Поплавок безбрежной рыбацкой сети смыслов – таким Есин видит себя совершенно правомерно, памятуя ещё о любимой им Айрис Мёрдок с её метафорой глобальной паутины. Стекляшка с Камчатки с налипшими вещами-ракушками, моллюсками-впечатлениями – вот естество нового русского монологического романа, в намоленной тишине которого течение одинокой речи не может быть перебито никем и ничем. «Опись…» – молитва в личной часовне, которой для русского человека стала квартира. Это принципиально, как выходные данные.

 

Его долго носило по волнам,

потом выкинуло на берег

 

Ближе к восьмидесяти человек, сохранивший здоровье, бодрость (что бы там ни говорили периодические хворобы), ясность ума, имеет право задать бытию основной, лермонтовский вопрос – зачем?

Зачем Создатель выдерживает меня здесь так долго?

Во имя чего я носился, для кого подмечал, кому теперь расскажу о том, что видел, понял, узнал?

Вот он, передо мной, мой последний берег, а я до сих пор не знаю, где уготовано мне закрыть глаза, здесь ли, в поездке по миру, за преподавательским столом в Литинституте, в театре напротив? Каков смысл – моего прихода сюда, ухода моего отсюда?
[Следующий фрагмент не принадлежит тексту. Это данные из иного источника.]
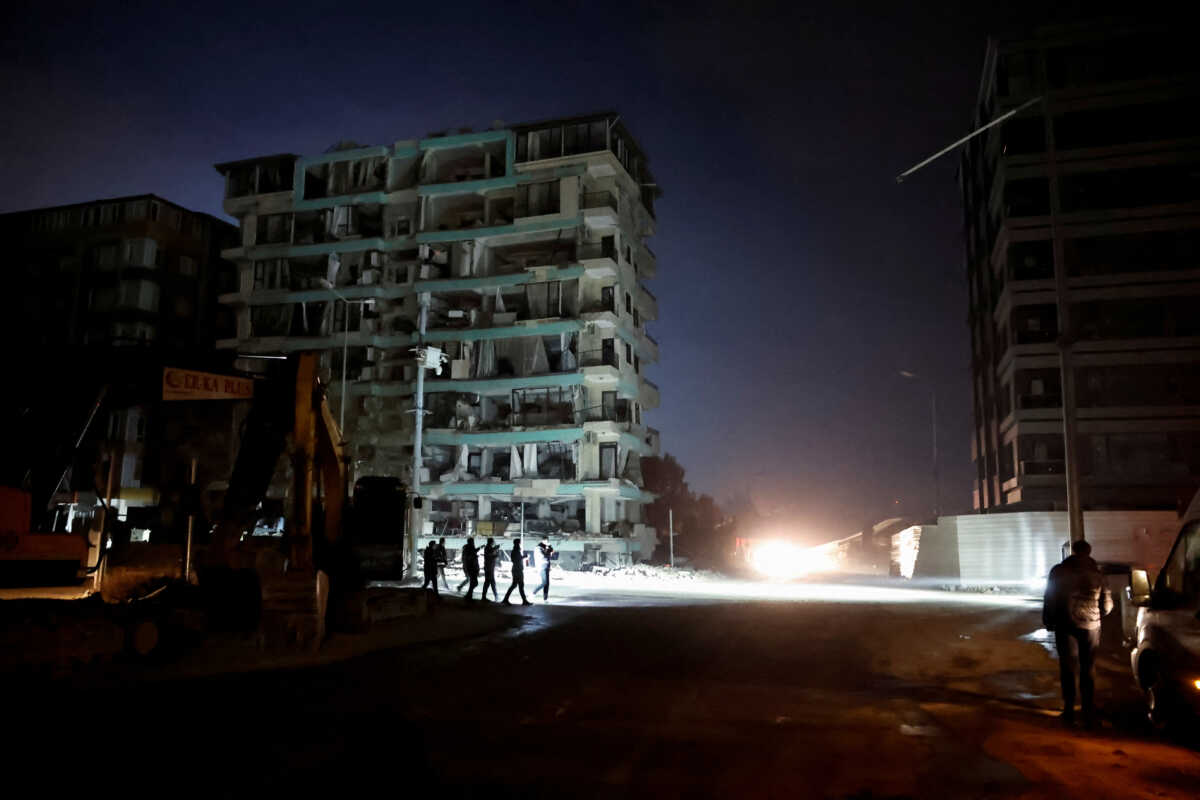 People walk outside after an earthquake in Antakya in Hatay province, Turkey, February 20, 2023.  REUTERS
Только долгая жизнь имеет право на такой вопрос. И, конечно же, ответ, на который иконы, по обыкновению своему, смолчат, а облупленные со всех сторон друзья только ниже опустят голову.

 

                                                                                   ***

 

Я не мог не взяться сочувствовать этой книге: наши первые впечатления с Есиным едины. Берег Азовского моря, купание с отцом, нахлынувшие отовсюду запахи, звуки, пробуждение сознания – и невесомость, вечность, бессмертие.

 

Ощущение счастья и полёта

осталось навсегда

 

По праву пережившего то же самое рискну говорить за нас двоих: именно этого мы – я и Есин – будем ожидать от Рая. Возможно, вместо шеи отца будет шея Отца всеобщего, но ниже, мельче взять уже невозможно – только это.

 

                                                                                    ***

 

Портрет матери, трюмо, которое, «наверно, ещё до сих пор в частицах своей амальгамы хранит облики тёти Вали, а потом матери и облик моей покойной жены», вазы, сервизы – почему именно они? И не они ли тайно выстраивали жизнь, подчиняя её каким-то своим неведомым, но жёстким правилам?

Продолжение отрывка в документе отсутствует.